On 2017-06-26 18:26, Gustavo Lima Chaves wrote:
> * Henning Schild <[email protected]> [2017-06-26 09:55:59 +0200]:
> 
>> Am Fri, 23 Jun 2017 14:56:58 -0700
>> schrieb Gustavo Lima Chaves <[email protected]>:
>>
>>> * Jan Kiszka <[email protected]> [2017-06-23 22:36:35 +0200]:
>>>
>>>> On 2017-06-23 19:33, Gustavo Lima Chaves wrote:  
>>>>> [...]
>>>>>   
>>>>>>>
>>>>>>> When I artificially block this interrupt after a while, I see
>>>>>>> the real time jitter behaving almost perfectly.
>>>>>>>
>>>>>>>
>>>>>>> Can you see how interrupt SPI storm ,though to the root cell,
>>>>>>> might damage RT jitter on another cell? 
>>>>>>
>>>>>> The interrupt storm may be just one symptom of load on shared
>>>>>> resources. Maybe the GPU or its driver are also issuing a high
>>>>>> load of memory accesses or are otherwise stressing the shared
>>>>>> interconnects.
>>>>>>
>>>>>> Looking at the hypervisor, there should be no interference
>>>>>> between two cells if one receives lots of interrupts.

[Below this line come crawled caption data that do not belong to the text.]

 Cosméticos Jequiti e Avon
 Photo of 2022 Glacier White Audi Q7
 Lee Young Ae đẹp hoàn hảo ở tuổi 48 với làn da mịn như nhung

>>>>>> Specifically, there is only one shared lock between both in
>>>>>> irqchip.c (dist_lock), but it's taken only for a very short
>>>>>> read-modify-write access.
>>>>>>
>>>>>> Jan  
>>>>>
>>>>> What about Linux inmate cells on Intel? Has anybody else seem
>>>>> horrid timer resolutions (like ".resolution: 1000000 nsecs") as
>>>>> well? The aforementioned ARM patch makes no sense for the x86's
>>>>> version of time.c, I guess. Should we be providing HPET address
>>>>> to the inmate the same way it's done for PM timer address? Any
>>>>> other ideas?  
>>>>
>>>> What's your setup exactly?  
>>>
>>> Maybe it's something in my inmate Linux config? I've tried with two
>>> codebases there: RT Linux and upstream (both with Jailhouse patches,
>>> naturally). I'll attach one of the configs.
>>>
>>>>
>>>> There is no need to use the slow HPET on x86 anymore, with or
>>>> without Jailhouse. We now have the local APIC as reliable
>>>> high-resolution and high-performance (because it's core-local)
>>>> timer.  
>>>
>>> OK, fair. Still wondering what's giving that final bad resolution. The
>>> rest of the setup is a Fedora 25 system on QEMU, kernel 4.8, with
>>> pristine qemu-vm and linux-x86-demo cells running.
>>
>> So you are running Jailhouse and the rt-preempt non-root cell on qemu?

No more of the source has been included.